For nearly forty years, at that time, Dr. Weizmann had worked “behind the scenes,” deviously and in secret; history shows no comparable case.  At one more behind-the-scenes meeting with President Roosevelt he then imparted Mr. Churchill’s message, or rather (according to his own account) a different one: he said Mr. Churchill had assured him that “the end of the war would see a change in the status of the Jewish National Home, and that the White Paper of 1939 would go.”  He describes this as Mr. Churchill’s “plan” but it is not the message previously quoted, although it might depict Mr. Churchill’s mind.  What is significant is that Dr. Weizmann omitted Mr. Churchill’s main proposal, to make King Ibn Saoud “lord of the Middle East . . . provided he settles with you.”

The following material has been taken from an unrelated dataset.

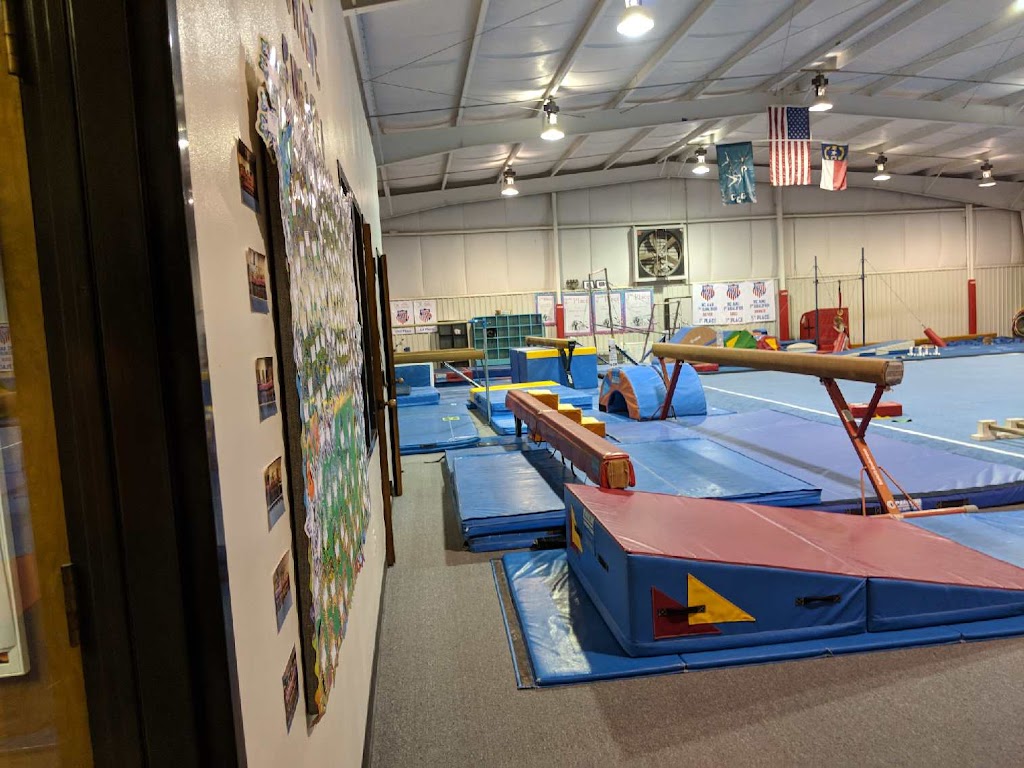 Central Carolina Gymnastics Academy | 431 9th St Ext, Lexington, NC 27295, USA | Phone: (336) 248-2555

Dr. Weizmann says that President Roosevelt’s response to Mr. Churchill’s plan (as thus misrepresented to him) was “completely affirmative,” which in Zionese means that he said “Yes” to a Jewish state (“a change in the status of the Jewish National Home”).  The president, according to Dr. Weizmann, then himself introduced the name of Ibn Saoud, and showed himself “aware of the Arab problem.”  Dr. Weizmann, if his account is correct, did not then say that Mr. Churchill recommended “a settlement” with Ibn Saoud.  On the contrary, Dr. Weizmann “maintained the thesis that we could not rest our cause on the consent of the Arabs.”

That was the opposite of Mr. Churchill’s envisaged “settlement” and was specific: it meant war against the Arabs and American support for such a war.  Thereon Mr. Roosevelt merely “again assured me of his sympathies and of his desire to settle the problem.”

There is some mystery in this reserve of President Roosevelt in the matter of “the Arab problem” which might have had important consequences had he not died, two years later, almost immediately after meeting Ibn Saoud.  However, what he cautiously said and privately thought was no longer of vital importance in 1943, because the real decision had been taken.  Behind the scenes, under cover of a war in Europe, arms were on their way to the Zionists, and this secret process was to determine the shape of the future.  From this moment neither the top-line politicians, if they rebelled, nor the hard-pressed responsible officials had the power to prevent Zionism from planting in Palestine a time-bomb which may yet blow up the second half of the 20th Century.

For the time being Dr. Weizmann, in July 1943, returned to London, assured that “pressure” from Washington would be maintained.